Chapter 5 Assessing Model Performance
The classification rates of the models are hard to interpret alone. For example, is predicting 76% of the 2021 tournament games impressive or just better than the other models? In order to assess model performance, I decided to use the selection committee’s ranking as a baseline, comparing the model’s accuracy to the accuracy of just picking the higher seeded team (known as a “Chalk Bracket”).
The classification rates for the “Chalk” method and NN/RF/XG Ensemble method are in the table below. Just picking the higher seed was actually pretty effective for the 2019 tournament, resulting in an accuracy of 72%. However, the ensemble model still performed 6% better than the “Chalk” method in 2019. The “Chalk” method was much less accurate in picking the 2021 tournament games, coinciding with only a 61% classification rate. The ensemble model far outperformed the “Chalk” method during the 2021 tournament with a 17% higher accuracy score.

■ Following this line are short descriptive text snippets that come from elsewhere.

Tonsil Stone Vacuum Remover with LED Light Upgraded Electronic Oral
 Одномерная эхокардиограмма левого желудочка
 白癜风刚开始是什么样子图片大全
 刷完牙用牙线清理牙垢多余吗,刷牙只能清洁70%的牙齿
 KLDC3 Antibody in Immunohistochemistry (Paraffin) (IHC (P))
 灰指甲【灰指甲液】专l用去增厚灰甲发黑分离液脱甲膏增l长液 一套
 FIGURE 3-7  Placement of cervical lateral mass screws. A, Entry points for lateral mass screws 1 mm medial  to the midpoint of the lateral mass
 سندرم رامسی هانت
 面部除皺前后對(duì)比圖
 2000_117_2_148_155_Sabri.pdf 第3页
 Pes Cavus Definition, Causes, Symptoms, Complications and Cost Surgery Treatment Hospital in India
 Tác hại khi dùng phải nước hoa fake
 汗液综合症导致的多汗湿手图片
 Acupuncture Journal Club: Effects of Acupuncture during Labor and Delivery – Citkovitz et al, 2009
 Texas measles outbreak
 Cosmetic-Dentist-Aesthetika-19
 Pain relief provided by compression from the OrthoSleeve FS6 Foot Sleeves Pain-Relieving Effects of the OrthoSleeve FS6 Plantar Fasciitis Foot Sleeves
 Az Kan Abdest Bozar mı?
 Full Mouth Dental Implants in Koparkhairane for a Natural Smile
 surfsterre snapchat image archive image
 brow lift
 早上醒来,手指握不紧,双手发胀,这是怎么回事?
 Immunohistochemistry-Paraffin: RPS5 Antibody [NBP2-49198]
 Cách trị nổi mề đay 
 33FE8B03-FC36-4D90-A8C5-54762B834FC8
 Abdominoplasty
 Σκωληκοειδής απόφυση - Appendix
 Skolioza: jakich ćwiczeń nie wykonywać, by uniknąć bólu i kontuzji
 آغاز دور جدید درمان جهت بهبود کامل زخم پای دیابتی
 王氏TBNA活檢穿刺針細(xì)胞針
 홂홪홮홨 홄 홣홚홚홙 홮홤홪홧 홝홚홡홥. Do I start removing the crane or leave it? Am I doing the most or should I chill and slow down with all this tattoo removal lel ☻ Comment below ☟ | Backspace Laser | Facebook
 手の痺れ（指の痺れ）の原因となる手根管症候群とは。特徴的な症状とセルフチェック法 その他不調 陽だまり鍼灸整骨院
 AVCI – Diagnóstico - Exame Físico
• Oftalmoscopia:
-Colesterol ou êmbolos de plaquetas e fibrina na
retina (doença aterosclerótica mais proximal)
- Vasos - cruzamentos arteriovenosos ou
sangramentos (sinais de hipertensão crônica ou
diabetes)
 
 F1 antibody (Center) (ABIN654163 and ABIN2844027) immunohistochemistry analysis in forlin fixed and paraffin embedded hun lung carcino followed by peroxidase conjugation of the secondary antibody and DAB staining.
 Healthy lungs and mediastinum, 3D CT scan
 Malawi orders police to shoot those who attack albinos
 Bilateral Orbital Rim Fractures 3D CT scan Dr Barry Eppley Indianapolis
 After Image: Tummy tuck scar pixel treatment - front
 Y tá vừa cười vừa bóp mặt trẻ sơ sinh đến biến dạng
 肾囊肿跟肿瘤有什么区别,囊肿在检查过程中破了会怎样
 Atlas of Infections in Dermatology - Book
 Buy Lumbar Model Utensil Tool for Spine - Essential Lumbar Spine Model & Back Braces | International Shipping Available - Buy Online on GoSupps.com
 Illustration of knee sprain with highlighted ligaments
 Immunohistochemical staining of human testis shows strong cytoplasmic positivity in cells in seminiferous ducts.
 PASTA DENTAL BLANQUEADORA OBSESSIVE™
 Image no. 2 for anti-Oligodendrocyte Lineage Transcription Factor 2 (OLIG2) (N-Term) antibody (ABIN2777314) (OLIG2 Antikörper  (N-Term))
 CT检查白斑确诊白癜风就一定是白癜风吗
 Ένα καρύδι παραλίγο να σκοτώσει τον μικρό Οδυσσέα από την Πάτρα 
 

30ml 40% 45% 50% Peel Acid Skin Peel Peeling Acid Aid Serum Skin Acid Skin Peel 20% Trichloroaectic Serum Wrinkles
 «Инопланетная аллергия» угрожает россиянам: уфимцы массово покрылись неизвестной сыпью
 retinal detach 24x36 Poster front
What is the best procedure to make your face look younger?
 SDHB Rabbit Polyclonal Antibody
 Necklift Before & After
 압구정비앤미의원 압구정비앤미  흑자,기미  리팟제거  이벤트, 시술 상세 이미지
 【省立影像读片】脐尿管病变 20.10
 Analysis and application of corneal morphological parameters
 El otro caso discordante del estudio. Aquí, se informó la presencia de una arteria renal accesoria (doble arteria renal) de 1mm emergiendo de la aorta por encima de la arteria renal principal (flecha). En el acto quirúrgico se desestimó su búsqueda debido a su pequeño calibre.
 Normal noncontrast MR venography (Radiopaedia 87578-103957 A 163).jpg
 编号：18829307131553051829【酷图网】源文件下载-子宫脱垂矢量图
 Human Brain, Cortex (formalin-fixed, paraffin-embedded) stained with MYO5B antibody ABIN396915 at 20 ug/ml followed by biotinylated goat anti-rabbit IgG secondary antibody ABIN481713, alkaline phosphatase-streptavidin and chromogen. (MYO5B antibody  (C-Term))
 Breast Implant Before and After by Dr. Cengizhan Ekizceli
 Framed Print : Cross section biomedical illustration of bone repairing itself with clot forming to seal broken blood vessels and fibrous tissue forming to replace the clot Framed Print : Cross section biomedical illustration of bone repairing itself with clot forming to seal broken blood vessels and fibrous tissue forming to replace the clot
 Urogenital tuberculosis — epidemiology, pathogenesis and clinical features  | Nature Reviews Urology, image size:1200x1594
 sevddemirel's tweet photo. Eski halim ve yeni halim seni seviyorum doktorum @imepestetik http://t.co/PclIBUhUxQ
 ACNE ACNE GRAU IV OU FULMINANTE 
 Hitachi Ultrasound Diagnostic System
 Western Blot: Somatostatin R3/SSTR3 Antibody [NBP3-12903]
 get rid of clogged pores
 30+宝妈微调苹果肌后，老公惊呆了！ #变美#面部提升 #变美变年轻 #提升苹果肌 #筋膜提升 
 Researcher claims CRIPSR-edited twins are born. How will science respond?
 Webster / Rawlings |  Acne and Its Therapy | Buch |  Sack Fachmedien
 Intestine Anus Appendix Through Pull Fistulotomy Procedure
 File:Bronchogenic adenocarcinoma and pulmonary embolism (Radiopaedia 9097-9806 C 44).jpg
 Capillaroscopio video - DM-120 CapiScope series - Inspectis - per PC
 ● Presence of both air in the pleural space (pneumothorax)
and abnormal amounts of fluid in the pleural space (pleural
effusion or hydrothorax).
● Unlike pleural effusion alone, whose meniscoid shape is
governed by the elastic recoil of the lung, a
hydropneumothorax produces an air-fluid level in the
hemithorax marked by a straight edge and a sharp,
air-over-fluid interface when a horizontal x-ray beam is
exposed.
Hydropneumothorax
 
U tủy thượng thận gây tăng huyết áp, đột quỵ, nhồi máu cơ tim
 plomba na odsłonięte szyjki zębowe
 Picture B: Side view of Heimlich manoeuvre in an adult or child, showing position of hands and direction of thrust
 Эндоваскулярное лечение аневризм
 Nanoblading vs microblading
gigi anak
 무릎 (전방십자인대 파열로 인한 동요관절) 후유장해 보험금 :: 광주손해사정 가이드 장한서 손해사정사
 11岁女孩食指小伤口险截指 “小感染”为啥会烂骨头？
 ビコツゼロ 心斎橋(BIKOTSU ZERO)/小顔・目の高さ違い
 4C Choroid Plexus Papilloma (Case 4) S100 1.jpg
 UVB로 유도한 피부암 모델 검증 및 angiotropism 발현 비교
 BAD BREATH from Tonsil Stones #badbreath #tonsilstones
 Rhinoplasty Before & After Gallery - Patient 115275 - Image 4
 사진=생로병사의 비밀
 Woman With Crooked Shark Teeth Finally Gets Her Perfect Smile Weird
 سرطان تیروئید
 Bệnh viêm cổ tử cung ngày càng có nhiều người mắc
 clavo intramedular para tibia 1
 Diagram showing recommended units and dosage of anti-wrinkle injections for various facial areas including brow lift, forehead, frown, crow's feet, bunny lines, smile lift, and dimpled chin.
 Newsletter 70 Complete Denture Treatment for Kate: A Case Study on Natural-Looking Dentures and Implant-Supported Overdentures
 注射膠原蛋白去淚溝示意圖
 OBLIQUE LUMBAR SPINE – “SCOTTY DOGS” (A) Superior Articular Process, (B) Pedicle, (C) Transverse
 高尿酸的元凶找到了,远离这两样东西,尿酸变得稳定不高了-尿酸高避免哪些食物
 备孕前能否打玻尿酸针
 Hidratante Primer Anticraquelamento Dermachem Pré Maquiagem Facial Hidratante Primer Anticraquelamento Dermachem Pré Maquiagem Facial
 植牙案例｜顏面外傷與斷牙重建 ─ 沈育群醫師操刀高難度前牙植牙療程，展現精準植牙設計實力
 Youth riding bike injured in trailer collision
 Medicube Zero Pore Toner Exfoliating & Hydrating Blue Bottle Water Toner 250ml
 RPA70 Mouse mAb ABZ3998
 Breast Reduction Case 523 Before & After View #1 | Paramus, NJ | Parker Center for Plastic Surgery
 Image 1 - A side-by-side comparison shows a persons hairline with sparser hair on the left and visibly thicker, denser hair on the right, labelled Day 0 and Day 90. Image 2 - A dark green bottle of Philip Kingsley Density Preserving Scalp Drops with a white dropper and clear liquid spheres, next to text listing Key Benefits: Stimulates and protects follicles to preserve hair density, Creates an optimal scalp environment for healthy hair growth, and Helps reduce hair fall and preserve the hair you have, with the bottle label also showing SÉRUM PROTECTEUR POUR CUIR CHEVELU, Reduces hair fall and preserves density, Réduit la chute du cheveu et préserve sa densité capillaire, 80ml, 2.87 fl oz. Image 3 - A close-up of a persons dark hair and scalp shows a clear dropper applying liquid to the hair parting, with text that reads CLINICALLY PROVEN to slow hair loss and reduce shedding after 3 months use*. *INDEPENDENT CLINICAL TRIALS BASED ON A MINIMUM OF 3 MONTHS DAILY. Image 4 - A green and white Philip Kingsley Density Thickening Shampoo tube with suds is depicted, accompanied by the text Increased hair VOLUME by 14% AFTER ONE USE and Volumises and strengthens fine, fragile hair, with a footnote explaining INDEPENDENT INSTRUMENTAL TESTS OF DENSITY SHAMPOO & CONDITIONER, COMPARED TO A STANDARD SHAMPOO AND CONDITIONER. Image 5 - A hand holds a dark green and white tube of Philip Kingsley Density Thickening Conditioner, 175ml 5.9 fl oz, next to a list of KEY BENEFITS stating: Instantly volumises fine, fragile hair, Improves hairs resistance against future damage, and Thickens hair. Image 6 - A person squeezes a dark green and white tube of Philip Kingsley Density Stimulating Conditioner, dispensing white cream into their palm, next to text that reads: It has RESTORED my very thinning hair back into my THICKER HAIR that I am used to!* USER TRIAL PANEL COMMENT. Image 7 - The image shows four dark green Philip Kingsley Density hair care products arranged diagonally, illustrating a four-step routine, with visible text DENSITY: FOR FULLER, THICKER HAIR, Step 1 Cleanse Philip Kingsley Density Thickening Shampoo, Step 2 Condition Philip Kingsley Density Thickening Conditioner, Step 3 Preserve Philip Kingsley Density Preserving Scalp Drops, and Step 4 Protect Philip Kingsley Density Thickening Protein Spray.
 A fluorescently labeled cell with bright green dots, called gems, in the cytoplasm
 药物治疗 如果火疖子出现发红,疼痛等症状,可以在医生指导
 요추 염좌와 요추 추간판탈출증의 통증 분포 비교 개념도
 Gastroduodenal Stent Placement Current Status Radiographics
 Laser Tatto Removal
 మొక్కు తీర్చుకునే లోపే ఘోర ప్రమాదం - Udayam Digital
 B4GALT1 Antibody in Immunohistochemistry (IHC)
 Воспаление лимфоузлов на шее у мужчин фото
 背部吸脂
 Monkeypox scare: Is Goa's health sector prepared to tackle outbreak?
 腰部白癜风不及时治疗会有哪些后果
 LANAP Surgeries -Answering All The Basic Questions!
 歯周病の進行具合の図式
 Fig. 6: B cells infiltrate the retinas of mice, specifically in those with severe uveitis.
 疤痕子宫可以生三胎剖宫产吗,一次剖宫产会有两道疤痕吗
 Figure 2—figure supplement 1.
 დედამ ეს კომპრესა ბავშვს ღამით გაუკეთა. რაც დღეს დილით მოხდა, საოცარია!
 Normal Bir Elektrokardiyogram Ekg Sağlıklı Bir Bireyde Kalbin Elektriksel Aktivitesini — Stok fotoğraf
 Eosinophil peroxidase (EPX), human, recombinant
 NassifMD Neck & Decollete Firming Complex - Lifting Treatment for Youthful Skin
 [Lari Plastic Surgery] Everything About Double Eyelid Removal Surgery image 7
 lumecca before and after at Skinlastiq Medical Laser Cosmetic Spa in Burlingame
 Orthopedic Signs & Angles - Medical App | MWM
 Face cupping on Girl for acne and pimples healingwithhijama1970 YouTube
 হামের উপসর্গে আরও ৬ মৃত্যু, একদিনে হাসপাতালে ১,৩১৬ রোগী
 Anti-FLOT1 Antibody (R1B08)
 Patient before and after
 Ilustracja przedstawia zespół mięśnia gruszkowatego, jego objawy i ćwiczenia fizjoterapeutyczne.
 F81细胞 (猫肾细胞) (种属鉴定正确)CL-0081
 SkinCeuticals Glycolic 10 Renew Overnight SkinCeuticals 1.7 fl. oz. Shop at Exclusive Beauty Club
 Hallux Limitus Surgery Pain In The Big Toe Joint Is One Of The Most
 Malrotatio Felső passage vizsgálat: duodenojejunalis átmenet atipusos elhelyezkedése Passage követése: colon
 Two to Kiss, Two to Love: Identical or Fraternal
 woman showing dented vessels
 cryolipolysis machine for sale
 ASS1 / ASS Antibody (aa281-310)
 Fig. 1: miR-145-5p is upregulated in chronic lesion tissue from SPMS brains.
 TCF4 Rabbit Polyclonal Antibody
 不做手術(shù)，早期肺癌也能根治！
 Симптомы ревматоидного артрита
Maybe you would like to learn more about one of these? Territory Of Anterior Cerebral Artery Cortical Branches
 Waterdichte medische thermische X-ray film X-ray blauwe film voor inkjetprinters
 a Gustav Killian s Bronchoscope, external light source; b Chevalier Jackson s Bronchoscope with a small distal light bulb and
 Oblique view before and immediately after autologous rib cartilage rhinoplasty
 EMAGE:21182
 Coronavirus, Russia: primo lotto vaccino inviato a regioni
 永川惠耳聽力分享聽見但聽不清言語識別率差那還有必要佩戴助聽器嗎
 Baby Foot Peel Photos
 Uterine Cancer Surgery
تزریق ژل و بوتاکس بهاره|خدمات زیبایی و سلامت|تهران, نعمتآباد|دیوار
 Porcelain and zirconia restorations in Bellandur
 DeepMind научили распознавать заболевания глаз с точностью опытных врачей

Chalk Accuracy | Model Accuracy | Percent Difference | |
---|---|---|---|
2019 Tournament | 71.64% | 76.12% | 6.06% |
2021 Tournament | 60.61% | 71.21% | 16.85% |
The ensemble model performed better than picking higher seeds in two very different tournament scenarios with an accuracy above 70%. Combining all three predictions increased the generalizability of the model while preserving accurate predictions.